Xtrain = torch.load('X_train.pt')
ytrain = torch.load('y_train.pt')

batch_size = 672

remained = len(Xtrain) % 672  # len(Xtrain) = 22846
new_len = len(Xtrain) - remained # new_len = 22176

# In a stateful network, you should only pass inputs with a number of samples that can be divided by the batch size
X_train = Xtrain[:new_len]
y_train = ytrain[:new_len]

# transpose for input shape
X_train = np.transpose(X_train, (1, 0, 2))
batch_X_train = X_train.reshape(-1,672,1)

y_train = np.transpose(y_train, (1, 0, 2))
batch_y_train = y_train.reshape(-1,672,1)

print(batch_X_train.shape) # (33, 672, 1)
print(batch_y_train.shape) # (33, 672, 1)

trainX_tensor = torch.FloatTensor(batch_X_train)
trainY_tensor = torch.FloatTensor(batch_y_train)

trainData = TensorDataset(trainX_tensor, trainY_tensor)
class LSTM(nn.Module):

    def __init__(self, input_dim, hidden_size, out_dim, num_layers, batch_size, dropout, device):
        super(LSTM, self).__init__()

        self.batch_size = batch_size
        self.hidden_size = hidden_size
        self.num_layers = num_layers
        self.dropout_p = dropout
        self.device = device

        self.lstm = nn.LSTM(input_dim, hidden_size, num_layers=num_layers)
        self.fc1 = nn.Linear(hidden_size, hidden_size//2)
        self.dropout = nn.Dropout(p = self.dropout_p)
        self.fc2 = nn.Linear(hidden_size//2,out_dim)

    def forward(self, x, hidden, cell):
        lstm_out, (hidden, cell) = self.lstm(x, (hidden, cell))

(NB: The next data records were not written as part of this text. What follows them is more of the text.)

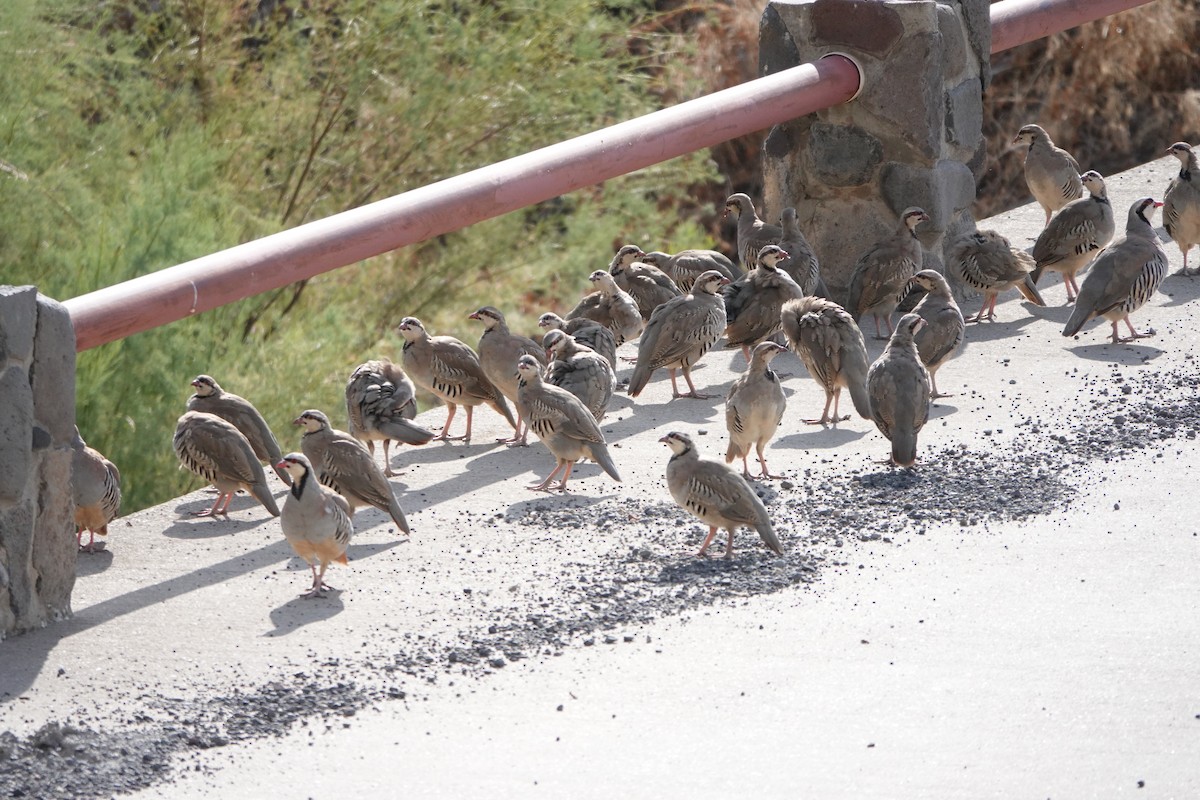 Chukar - ML477066581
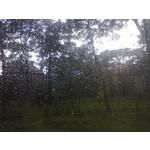 Zdjęcia użytkowników Nokia Asha 200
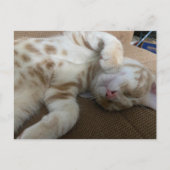 Carte Postale Post-croisement - Taz The Adorable Ginger Tabby -  (Devant)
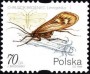 动物:欧洲:波兰:pl199905.jpg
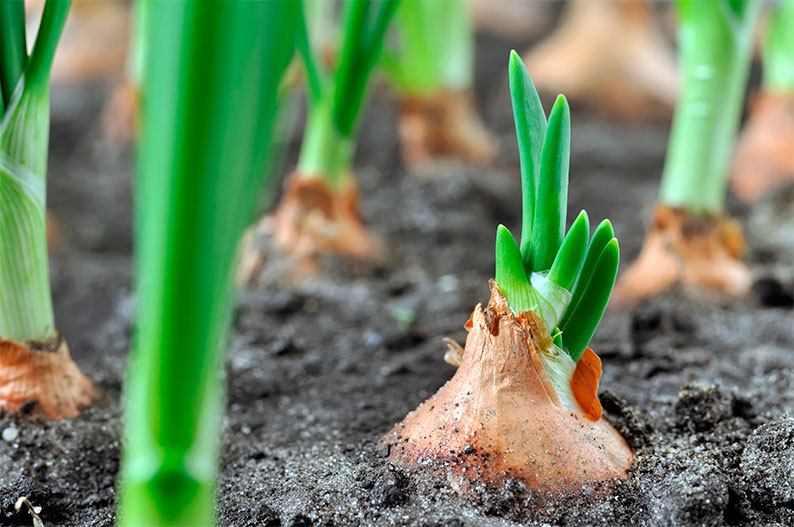 ASAJA Ciudad Real alerta de una crisis crítica en la cebolla con precios por debajo de costes y riesgo de quiebra en el sector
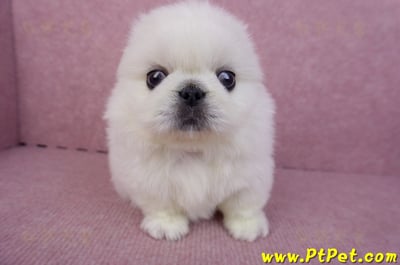 07/24北京狗公幼犬(高雄旗山)2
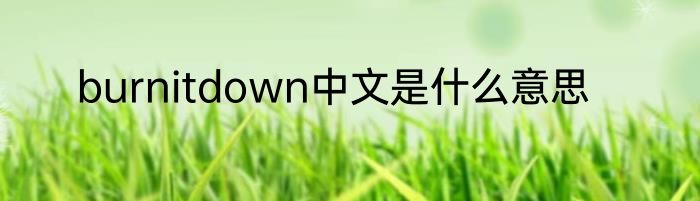 burnitdown中文是什么意思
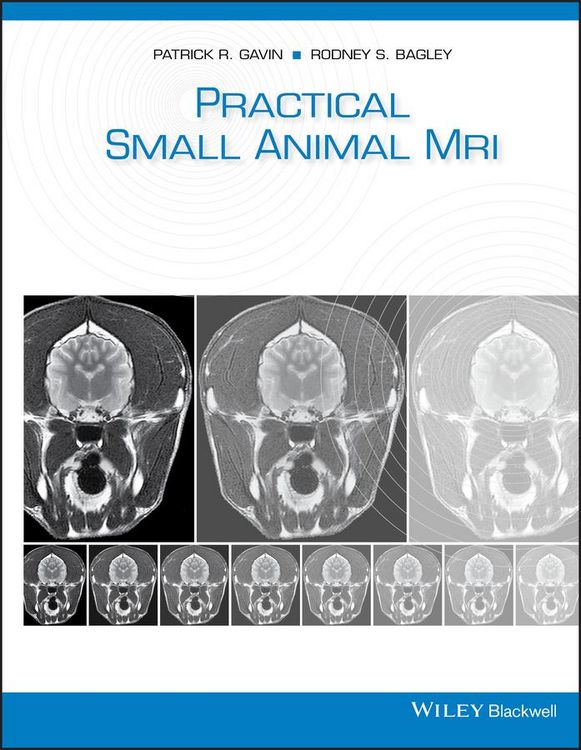 Produktbild: Practical Small Animal MRI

        out = self.fc1(lstm_out)
        out = F.relu(out)
        out = self.dropout(out)
        out = self.fc2(out)

        return out, hidden, cell
epoch = 5
input_dim = 1
out_dim = 1
hidden_size = 120
num_layers = 1
batch_size = 672
dropout = 0.1
learning_rate = .02

loss_function = nn.MSELoss()

model = LSTM(input_dim, hidden_size, out_dim, num_layers, batch_size, dropout, device).to(device)
optimizer = torch.optim.Adam(model.parameters(), lr=learning_rate, weight_decay=.99)

# initialize hidden and cell state
def hidden_state_init(stack_num, bsz, hidden):
    hw = torch.empty(stack_num, bsz, hidden)
    cw = torch.empty(stack_num, bsz, hidden)
    h_state = torch.nn.init.xavier_uniform_(hw)
    c_state = torch.nn.init.xavier_uniform_(cw)
    return h_state,c_state
for epoch_num in range(epoch):
    model.train()
    y_prediction = []
    loss_list = []
    average_loss = 0
    h_state, c_state=hidden_state_init(num_layers, batch_size,hidden_size)
    
    for idx, data in enumerate(trainData):

        X, y = data
        batch_size = X.shape[0]
        X = X.reshape(-1, batch_size, 1)

        # For stateful
        h_state = h_state.detach()
        c_state = c_state.detach()

        optimizer.zero_grad()

        y_pred, h_state, c_state  = model(X, h_state, c_state)
        y_prediction.append(y_pred)

        loss = loss_function(y_pred, y)

        loss.backward()
        optimizer.step()

        average_loss += (loss.item() / 33)
        loss_list.append(loss)

    print(average_loss)
   1.0038617777101921
   1.0039293639587632
   1.003980219364166
   1.0042506131258877
   1.0043293851794615


I’m not sure what I have to do now. Any suggestion would be really appreciated.